Rabobank for forthcoming races
The Rabobank team has announced its riders for several imminent races.
The team for July 31's Luk Challenge in Germany will be Robert Bartko and Marc Wauters.
For the HEW Cyclassics world cup, August 1, the team will field: Erik Dekker, Oscar Freire Gomez, Robert Hunter, Roy Sentjens, Steven de Jongh, Mathew Hayman, Karsten Kroon, and Grischa Niermann.
At next week's major stage race, the Post Danmark Rundt, August 4-8, Rabobank will be represented by Robert Hunter, Roy Sentjens, Mathew Hayman, Steven de Jongh, Kevin de Weert, Joost Posthuma, Jan Boven and Remmert Wielinga.
Finally, the team brings out the big guns again for the Clasica San Sebastian, August 7: Michael Boogerd, Erik Dekker, Karsten Kroon, Pieter Weening, Marc Wauters, Oscar Freire Gomez, Levi Leipheimer and Michael Rasmussen.
Dutch rider hospitalized after crash
By Gudo Kramer, Marco Polo Cycling Club
Last Saturday July 24, Henri Ebben crashed hard during the masters 40+ race in the Groesbike Festival in The Netherlands. Henri will never walk or ride a bike again.
The organisation of the race regrets that Henri had this terrible crash in this race and supports the call from Henri's family for support from the cycling community.
Henri and his family hope to receive support from cyclists, maybe in the form of a nice postal card.

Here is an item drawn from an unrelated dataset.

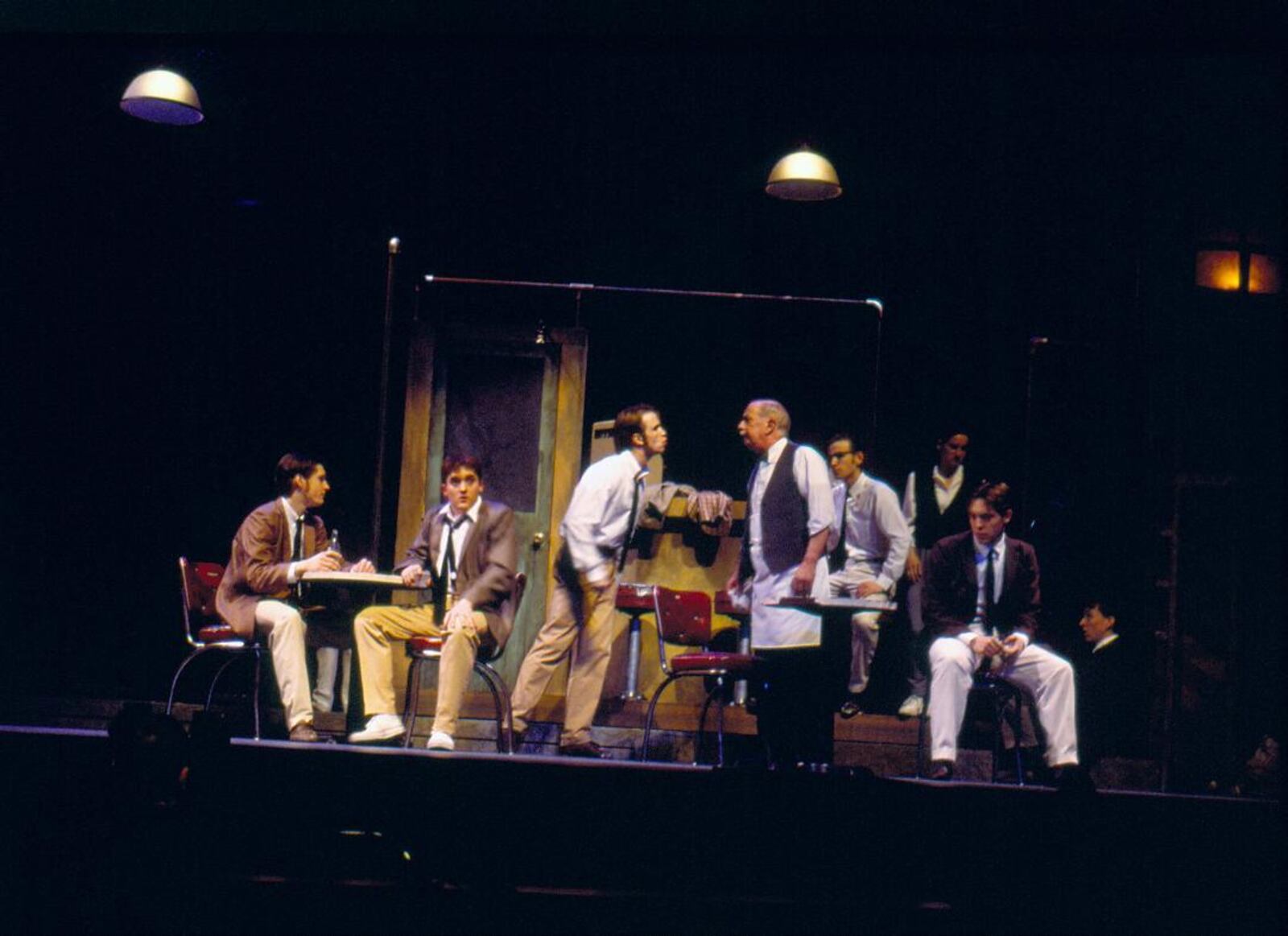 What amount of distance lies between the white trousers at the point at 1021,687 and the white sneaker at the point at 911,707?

Cards can be sent to:
(For Dutch readers: Henri cannot be visited in hospital, at least not for the next few weeks.)
Irish bank holiday racing
By Tommy Campbell, Irish Independent/Evening Herald/Sunday Independent
Realt Tuam CC and Western Lakes have combined their efforts over the Bank Holiday weekend, starting Friday and finishing up on Monday to put a festival of racing. First on the menu is the Willamstown Festival for all categories with a race start of 7.15 over 30 miles on a town circuit.

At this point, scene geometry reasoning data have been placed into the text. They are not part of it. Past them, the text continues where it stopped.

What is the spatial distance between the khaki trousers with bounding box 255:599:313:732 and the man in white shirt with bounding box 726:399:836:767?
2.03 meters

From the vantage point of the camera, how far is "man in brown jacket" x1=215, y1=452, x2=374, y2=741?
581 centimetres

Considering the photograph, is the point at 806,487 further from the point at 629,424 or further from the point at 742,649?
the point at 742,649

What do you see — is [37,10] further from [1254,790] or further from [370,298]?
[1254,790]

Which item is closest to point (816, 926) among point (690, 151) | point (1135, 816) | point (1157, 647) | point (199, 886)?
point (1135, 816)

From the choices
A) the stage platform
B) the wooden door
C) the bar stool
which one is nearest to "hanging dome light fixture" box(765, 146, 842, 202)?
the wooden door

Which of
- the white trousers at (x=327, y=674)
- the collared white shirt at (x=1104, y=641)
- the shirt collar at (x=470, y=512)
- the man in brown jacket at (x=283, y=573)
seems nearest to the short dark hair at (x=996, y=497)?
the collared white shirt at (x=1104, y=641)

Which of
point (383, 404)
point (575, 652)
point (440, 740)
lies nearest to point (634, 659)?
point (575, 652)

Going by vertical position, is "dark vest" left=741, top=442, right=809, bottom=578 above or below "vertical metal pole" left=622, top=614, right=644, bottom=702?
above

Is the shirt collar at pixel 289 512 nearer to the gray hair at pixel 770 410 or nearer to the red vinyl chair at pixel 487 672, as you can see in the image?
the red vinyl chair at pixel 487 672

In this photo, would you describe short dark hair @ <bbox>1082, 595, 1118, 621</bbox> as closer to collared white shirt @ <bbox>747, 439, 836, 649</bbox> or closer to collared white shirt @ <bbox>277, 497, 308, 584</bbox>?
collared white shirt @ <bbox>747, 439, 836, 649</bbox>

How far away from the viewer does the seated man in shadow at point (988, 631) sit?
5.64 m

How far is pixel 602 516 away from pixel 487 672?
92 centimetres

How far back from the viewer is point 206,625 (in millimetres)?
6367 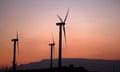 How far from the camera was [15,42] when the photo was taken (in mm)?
72312

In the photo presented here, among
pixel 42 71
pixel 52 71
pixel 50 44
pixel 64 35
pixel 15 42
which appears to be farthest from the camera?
pixel 50 44

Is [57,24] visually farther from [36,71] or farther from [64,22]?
[36,71]

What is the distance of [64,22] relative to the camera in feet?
182

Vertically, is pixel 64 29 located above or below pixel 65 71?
above

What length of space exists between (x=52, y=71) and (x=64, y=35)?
8.58 meters

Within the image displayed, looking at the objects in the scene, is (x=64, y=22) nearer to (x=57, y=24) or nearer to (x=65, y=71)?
(x=57, y=24)

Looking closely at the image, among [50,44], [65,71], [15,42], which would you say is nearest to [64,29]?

It moves on Saturday to Dunmore for another evening start. But the mileage is slightly up but this will not deter those hankering about coming to this festival race.

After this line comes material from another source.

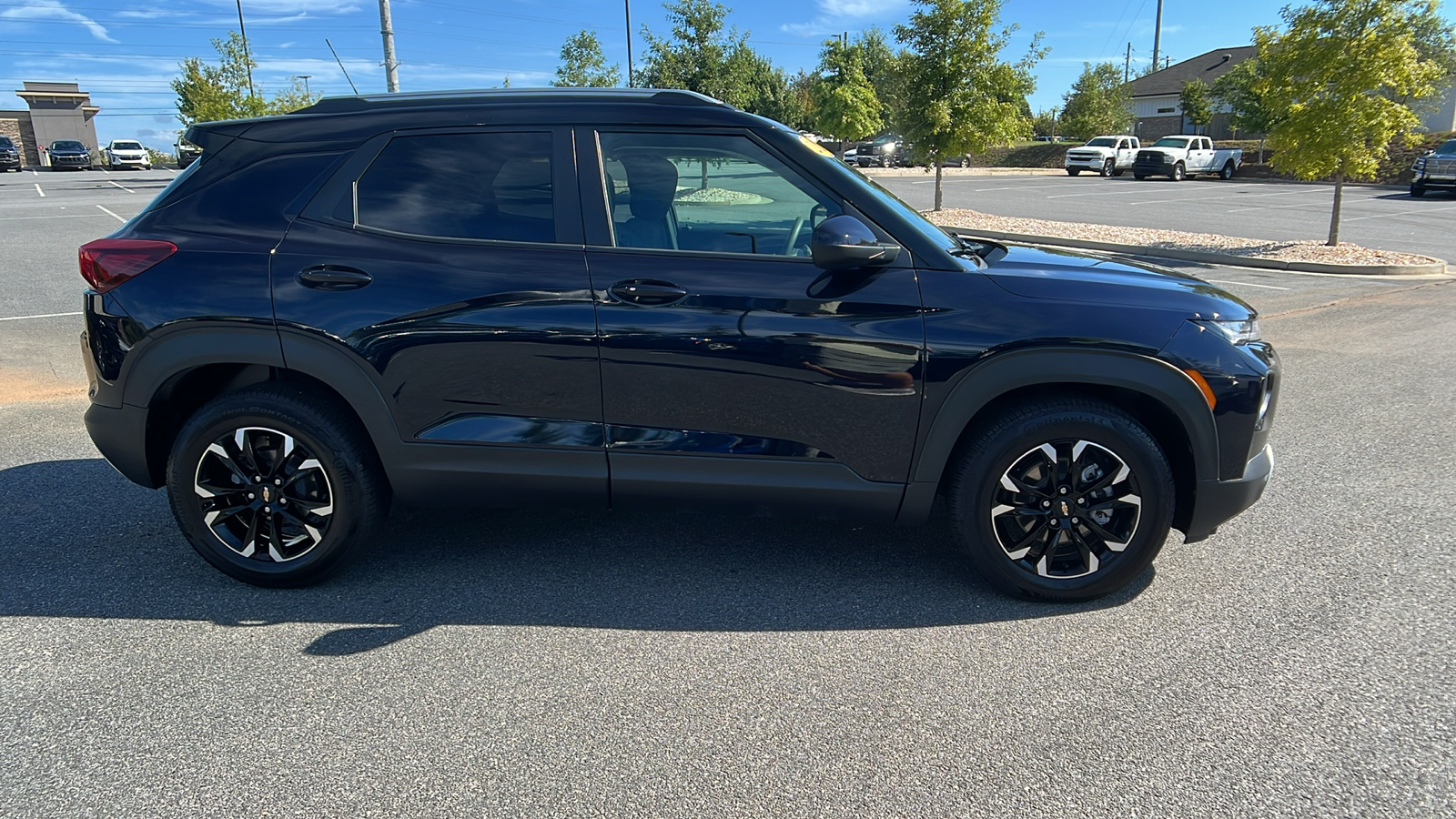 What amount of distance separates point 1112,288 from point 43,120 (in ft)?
253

On Sunday, Western Lakes come into the promotion stakes with the Lough Glynn Carnival event with a start up time of one o'clock in the afternoon.
The curtain comes down on the proceedings with the Brian McNamara Trophy event. This event will be held on a 3 mile circuit but the organization have signalled that the race is over an hour and a half plus three laps on August Monday.
Padraig Marrey is hoping that they'll have a good entry. "The two clubs here in Connacht deserve good fields and who knows maybe the man of the moment Philip Finnegan of Cycleways-Lee Strand will attempt to add to his tally of wins," said Padraig.
Free admission to Lehigh Velodrome
Spectators can gain free admission to the Nestor's Keirin Cup and Hall of Fame night at Lehigh Valley Velodrome on Friday July 30 providing they fill one small condition: the Velodrome is asking for each fan to bring at least one non-perishable item to donate to the Second Harvest Food Bank of Allentown.
"The Velodrome is a family and community facility. We try and help as many people as possible and that is why we're holding another Second Harvest Food Drive here for the Nestor's Keirin Cup and LVV Hall of Fame Night," said Jacob Burns, Lehigh Valley Velodrome marketing director.
The Nestor's Keirin Cup and LVV Hall of Fame night will feature a special ceremony to induct the 2004 class of Hall of Fame Inductees. Inductees this year include Miji Reoch, Nicole Reinhart, Art McHugh, Gordon Singleton, Bruce Donaghy, and Hubert Schleh.
For more information see www.lvvelo.org.
USA Cycling has announced that Sue Haywood will appeal the recent ruling of the American Arbitration Association (AAA) that named Mary McConneloug to the U.S. Olympic mountain bike team.